The Roedde House Museum stands in solemn remembrance of the victims affected in the tragic events of Saturday, April 26th, at the Lapu Lapu festival at Fraser and 41st street. We are in mourning for the victims, and sending strength, peace, and love to the friends and families of those affected. The Filipino Community has and always will be central to Vancouver’s immigrant identity, and we hope for unity during this time of loss.
On April 27th, 2017, President Rodrigo Duterte of the Philippines declared April 27th as Lapu-Lapu Day to honour the first hero in the country who defeated foreign rule.
Lapulapu (1491-1541), was a Datu (chief) on the Island of Mactan, now an island that makes up part of the Philippines. Lapulapu is famous for the Battle of Mactan in 1521, where he and his men defeated Ferdinand Magellan. His resilience and perseverance against oppression prevented Spanish imperial conquest over the Philippines for another forty-four years, when Miguel Lopez de Legazpi arrived in 1565.

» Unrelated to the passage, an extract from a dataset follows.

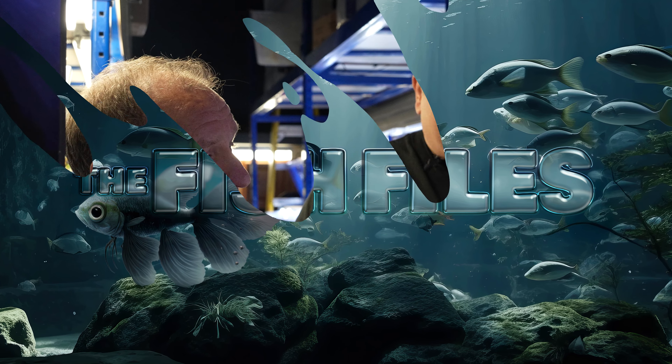Welcome back to the Fish Files. I'm Randy and once again we're visiting Chris because in my wholesale operation we don't have gravel on the bottom of our tanks. So I want to come to a real true gravel cleaner guy and he can show us how easy it is and how effective it is to properly gravel clean the bottom of your fish tank.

Image from https://en.wikipedia.org/wiki/Lapulapu

Benson Flores, known as ‘Old Ben’, was the first recorded Filipino Immigrant to Canada. He came to British Columbia in 1861, before the province even became part of Canada. Filipinos had been coming to North America as early as 1565 as servants, stowaways and mariners along the west coast, going from Mexico to Alaska. These men, known as “Manila Men”, were recruited in naval operations, notably the “San Carlos el Filipino”, to aid Spanish colonies of Santa Cruz de Nuca and For San Miguel on what is now Nootka Island, off the coast of Vancouver Island.
Larger numbers of Filipinos migrated to Canada in the 1930s. Many of these first-generation Filipino Canadians were mainly women who worked as nurses and teachers.
Vancouver is home to the second largest Filipino community, making up the third-largest Asian Canadian and visible minority group.